1. Explain the significance of the children at the start of this chapter.
In chapter 2 of the book, Winston’s pain is only further exacerbated. He is already deeply pained about the condition of his society and how truth and human values are losing their significance in Oceania. In the second chapter, while writing his diary, he hears a soft knock on his door and is startled. Mrs. Parson, his neighbor’s wife, looks much older than her age, wants his help as her kitchen sink is overflowing.
Winston comes across Parsons’ two unruly children in the flat. They are just as uncontrollable as they are naughty. The elder kid is a 9 years old boy who keeps being a pain for Winston while he is inside the flat, and the other is his 2 years younger sister. The flat bore a look as if visited by a wild animal.
Their presence in the second chapter indicates the extent to which the party is using manipulative techniques to control people’s personal lives in Oceania. They are training kids to become spies of the party, and these two kids are a superb example of how mindless they can grow after training.
The boy is holding a toy gun which he points at Winston and calls him a traitor and Goldstein. He is just nine years old, but the ferocity with which he speaks makes Winston afraid. Parsons himself is a foolish chap who works at the MInistry in a role that requires little or no intelligence. He keeps boasting of his appearances at the community center. However, the rest of his family also seems to be equally lacking in intelligence.

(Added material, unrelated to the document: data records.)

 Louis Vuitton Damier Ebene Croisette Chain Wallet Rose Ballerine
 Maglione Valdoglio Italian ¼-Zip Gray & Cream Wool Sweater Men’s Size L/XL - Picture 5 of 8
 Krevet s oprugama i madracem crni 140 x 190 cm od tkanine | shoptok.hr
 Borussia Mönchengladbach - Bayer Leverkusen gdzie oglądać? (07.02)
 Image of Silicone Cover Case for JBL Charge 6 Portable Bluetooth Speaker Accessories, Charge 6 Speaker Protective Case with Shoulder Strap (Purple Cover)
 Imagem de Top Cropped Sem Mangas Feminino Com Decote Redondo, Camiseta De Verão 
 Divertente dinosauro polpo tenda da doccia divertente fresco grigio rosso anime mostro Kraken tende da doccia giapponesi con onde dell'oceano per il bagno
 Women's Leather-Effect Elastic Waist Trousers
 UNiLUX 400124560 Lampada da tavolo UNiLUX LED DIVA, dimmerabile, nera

Winston is not at all amused at the boy’s demeanor, but he knows he cannot do anything. These children are trained by the party to hate the rival nations and the traitor Goldstein. The author’s purpose behind introducing children in the second chapter is to demonstrate before readers how easy it is for the party to control people’s lives and turn them into savages that make little use of their minds. Especially when it comes to the children, the party seems to be using them against their own families. Every few days, there was news about how one or other brave young spy handed over his own parents to the thought police.

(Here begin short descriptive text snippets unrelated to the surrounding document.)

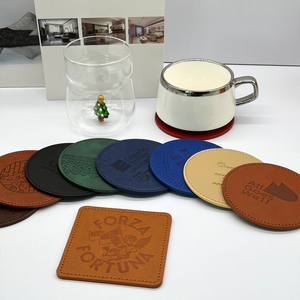 Cheap Personal PU Leather Coaster Custom Logo Print Logo PU Leather Coaster for Drinks Coasters Pad <b>Cup</b> <b>Mat</b> Promotional Gift - Product Image 6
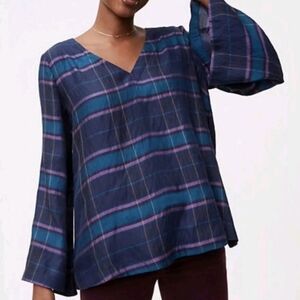 𝅺LOFT Oversized Plaid V-neck Pullover Blouse Top Small.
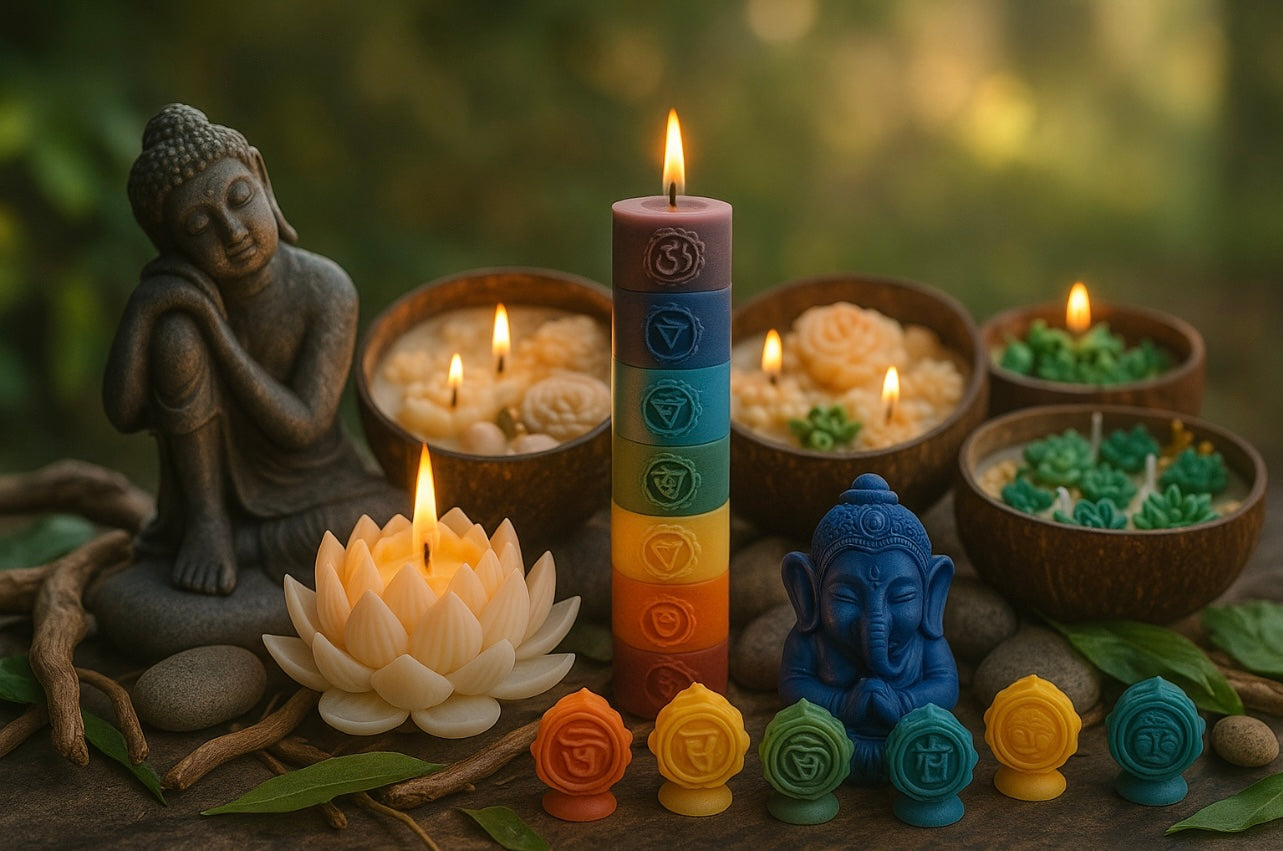 Un autel paisible ou s'alignent bougies chakra colorées, Ganesh bleu, lotus lumineux et Bouddha méditatif, entourés de coques fleuries - un souffle de lumière dans un écrin de nature zen. 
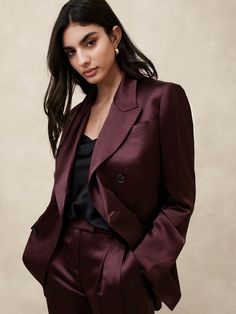 Isa Italian Satin Blazer | Banana Republic Suits For Wedding, Burgundy Blazer, Church Suits, Women's Suits, Satin Blazer, Guest Attire, Wedding Attire Guest, Peak Lapel, Formal Business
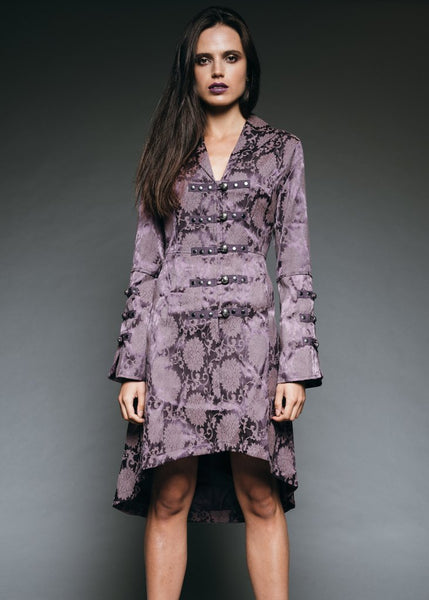 purple brocade goth coat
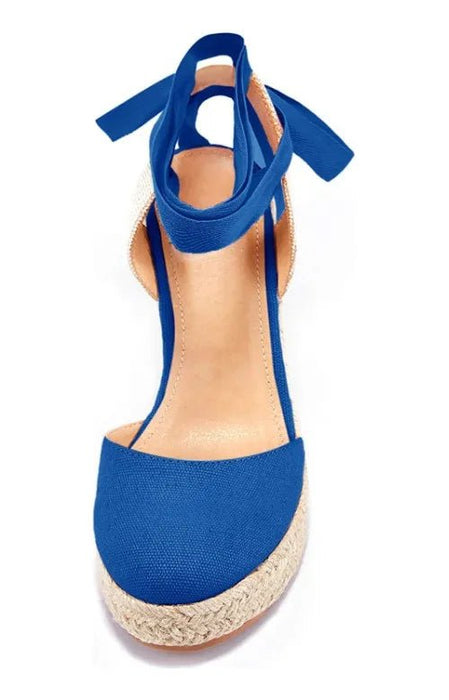 Sandalias de cuña con plataforma y punta cerrada para mujer, con cordones y tiras cruzadas en el tobillo - Quierox - Tienda Online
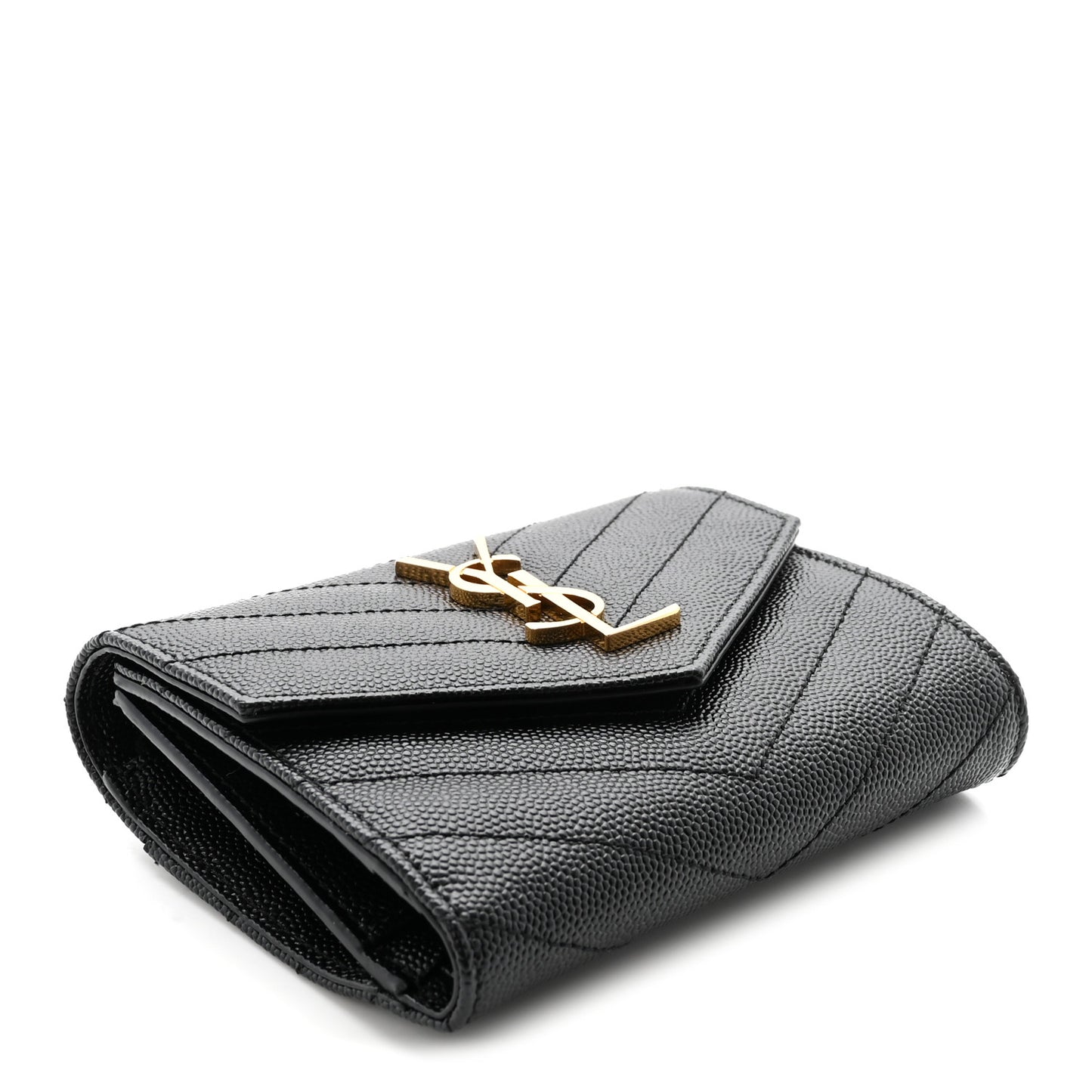 Grain De Poudre Matelasse Chevron Monogram Compact Tri Fold Wallet Black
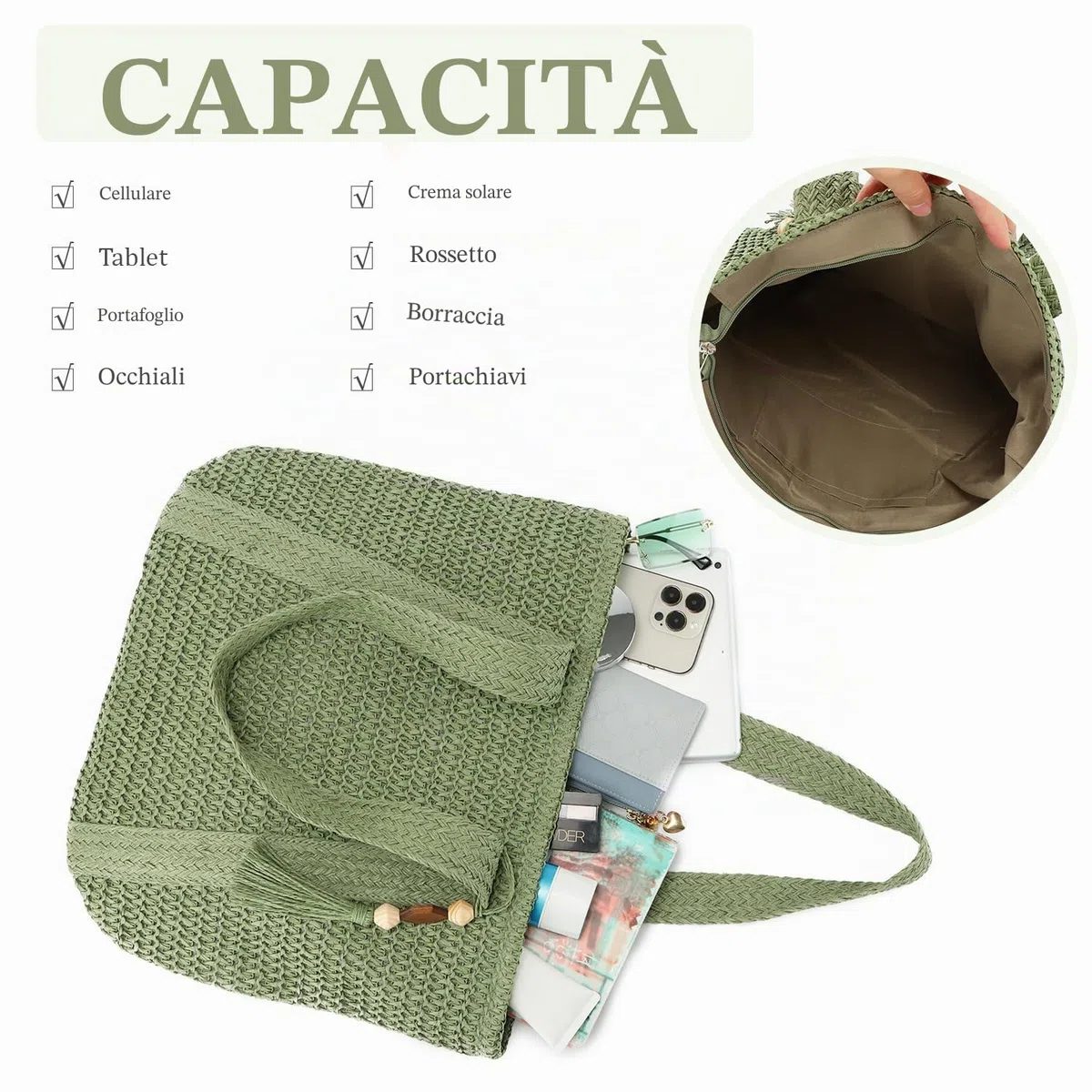 EVEOUT Borse Tote in Rafia per Donna Bohémien Borsa paglia grandi Estive Borse a spalla per spiaggia vacanze viaggio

When Winston is ready to leave Parsons’ flat, he feels a sharp pang in his neck and sees the young boy hiding a catapult. His mother is helplessly trying to bring the boy under control. Winston feels that his society has turned into a society of savages, and he can do little to help. His agony grows at the lack of respect and empathy in the boy’s behavior. Winston thinks that there is no future if the children can be exploited in the party’s manner.
2. Explain what thoughtcrime is in your own words.
Many things are not expressly prohibited in Oceania. However, they are still against the law. For example, nobody uses a pen in Oceania. People are not allowed to keep records. The party keeps a strict watch over people’s personal lives and even uses children against their families to spy on their parents. The telescreen is always there to watch what people are doing inside their flats. The party uses every exploitative technique possible that allows it to gain control of its people’s minds. Psychological manipulation of the people is a key theme in the novel. The party does everything possible to create terror and control its people.
People are not allowed to even think against the government because even thinking against the party and the dictatorship is a crime. A thought crime is a crime of thinking against the party and the government in Oceania. The party crushes every sign of dissent in the country. That is why the ‘thought police’ is always policing people’s personal lives and using fear and other manipulative techniques to manipulate behavior and inspire loyalty to the party and its propaganda.
3. What does the quote, “We shall meet in the place where there is no darkness,” mean to you? What do you think it means to Winston?
Winston had a dream years ago in which he was passing through a dark room and somebody whispered to him that they would eventually meet in a place where there was no darkness. It means that Winston hopes that there will be an emergence from this darkness. Darkness here refers to the dictatorship and its strong hold on people’s lives in Oceania. Since there is no truth and freedom, the author refers to it as an era of darkness. The room represents the Ministry and the darkness represents the lack of hope in people’s lives. Winston is reminded of the words after he sees O’Brian in the Two Minutes Hate meeting. He feels that it was O’Brien who had spoken to him in the dream since he believes O’brien is someone like him who thinks independently and against the dictatorship. However, he is still confused if he should approach O’Brien in this regard since he does not yet know if O’Brien is a friend or enemy.
For Winston, the dream again acquires a special significance in the light of the most current events in his life. While the words do not seem to instill much hope in him, they are still significant for Winston. O’Brien is still a source of hope for him, and Winston believes he could help him struggle against the dictatorship.